Below I'll include a couple examples of these instructions:
LDRSB LLVM objdump 16.0.6
1809d38: 38de27de ldrsb w30, [x30], #-0x1e
cstool 5.0.1:
./cstool -d arm64 '38de27de'
ERROR: invalid assembly code
./cstool -d arm64 'de27de38'
ERROR: invalid assembly code
LDXRB LLVM objdump 16.0.6
2324: 0d 02 40 08 ldxrb w13, [x16]
cstool 5.0.1:
./cstool -d arm64 '0d024008'
ERROR: invalid assembly code
./cstool -d arm64 '0840020d'
ERROR: invalid assembly code
LDTR LLVM objdump 16.0.6
60121e4: 42 f8 5e f8 ldtr x2, [x2, #-17]
cstool 5.0.1
./cstool arm64 '42f85ef8'
ERROR: invalid assembly code
./cstool arm64 'f85ef842'
Using my branch is currently the best option you have. Because it will take a while until everything is merged into next
and v6
is released (see: https://github.com/capstone-engine/capstone/issues/2015 for tasks left + the current problem that the maintainers don't seem to have much time).
I'll still work on it though, so there might be some things missing (but there shouldn't be many) and I will push stuff to it. But for a simple check if a instruction decodes, it is enough. Last time I checked the whole encoding space (0x0
- 0xffffffff
) was decoded without segfaults. Especially if you do not decode the details.
Regarding your overall research: Are you aware of this PR? It adds detailed encoding of each instruction to detail (as detailed as LLVM is, which is sometimes great and sometimes meh).

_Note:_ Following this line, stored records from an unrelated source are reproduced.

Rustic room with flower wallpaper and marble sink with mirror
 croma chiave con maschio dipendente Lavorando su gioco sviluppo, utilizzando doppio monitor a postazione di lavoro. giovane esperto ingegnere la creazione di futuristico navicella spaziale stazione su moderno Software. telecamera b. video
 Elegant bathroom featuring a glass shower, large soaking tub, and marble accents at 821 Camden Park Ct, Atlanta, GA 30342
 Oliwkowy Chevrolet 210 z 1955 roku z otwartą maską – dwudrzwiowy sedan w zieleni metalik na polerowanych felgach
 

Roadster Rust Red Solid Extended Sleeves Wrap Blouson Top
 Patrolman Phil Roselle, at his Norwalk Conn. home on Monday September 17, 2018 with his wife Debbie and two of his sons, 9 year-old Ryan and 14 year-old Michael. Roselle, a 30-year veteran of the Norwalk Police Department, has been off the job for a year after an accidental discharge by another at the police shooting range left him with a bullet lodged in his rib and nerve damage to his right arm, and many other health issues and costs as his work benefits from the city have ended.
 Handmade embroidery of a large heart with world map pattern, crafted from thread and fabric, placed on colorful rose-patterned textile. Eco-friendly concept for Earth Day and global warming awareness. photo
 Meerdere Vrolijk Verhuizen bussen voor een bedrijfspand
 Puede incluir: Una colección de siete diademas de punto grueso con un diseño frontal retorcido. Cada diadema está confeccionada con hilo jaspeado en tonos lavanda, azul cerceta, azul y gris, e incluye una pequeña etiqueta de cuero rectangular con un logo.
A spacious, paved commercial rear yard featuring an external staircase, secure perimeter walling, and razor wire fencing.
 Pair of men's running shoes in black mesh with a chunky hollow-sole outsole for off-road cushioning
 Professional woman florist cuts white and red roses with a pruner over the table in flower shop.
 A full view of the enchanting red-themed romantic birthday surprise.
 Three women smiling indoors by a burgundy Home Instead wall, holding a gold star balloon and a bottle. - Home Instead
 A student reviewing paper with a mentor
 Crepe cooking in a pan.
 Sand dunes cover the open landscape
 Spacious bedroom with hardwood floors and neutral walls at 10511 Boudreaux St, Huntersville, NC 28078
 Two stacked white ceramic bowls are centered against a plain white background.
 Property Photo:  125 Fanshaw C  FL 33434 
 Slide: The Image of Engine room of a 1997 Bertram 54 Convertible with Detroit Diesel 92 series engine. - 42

@Rot127 Thanks for the quick response!
I'll start right away to implement your branch into my project, I'll let you know sometime tomorrow what the results are and if anything is remaining / issues I might have encountered.
Yes I am aware of that PR, and I started to incorporate it into my work last week. Appreciate you pointing it out though!
Thanks for all the hard work.
Cheers
I'll start right away to implement your branch into my project, I'll let you know sometime tomorrow what the results are and if anything is remaining / issues I might have encountered.
Great! I am happy about any feedback! There hasn't been many eyes on it yet. So suggestions about improvements and issues are very welcome!
Hi @Rot127 👋
I made a PR against your repo for some changes that were required to build the whole project on the latest ARM64 macOS, and maybe some cleanups. I'm a noob in this codebase though, so I apologize if I implemented things incorrectly. Happy to make any changes needed.
So far the branch is working well 🎉
0 de 27 de 38 ldrsb w30, [x30], #-0x1e
ID: 583 (ldrsb)
op_count: 3
operands[0].type: REG = w30
operands[0].access: WRITE
Vector Arrangement Specifier: 0x0
Vector Index: 0
operands[1].type: MEM
operands[1].mem.base: REG = x30
operands[1].access: READ | WRITE
Vector Arrangement Specifier: 0x0
Vector Index: 0
operands[2].type: IMM = 0xffffffffffffffe2
operands[2].access: READ
Vector Arrangement Specifier: 0x0
Vector Index: 0
Write-back: True
Registers read: x30
Registers modified: x30 w30
I'm going to keep this open for a little longer until I've ran my tool a couple times through.
Thanks
Any more things you needed? Otherwise we can close this. For AArch64 we come up with an update to LLVM 18 soon: https://github.com/capstone-engine/capstone/pull/2298
@watbulb Close this for now. Please let me know if your find more missing instructions which were added in LLVM 18 or earlier.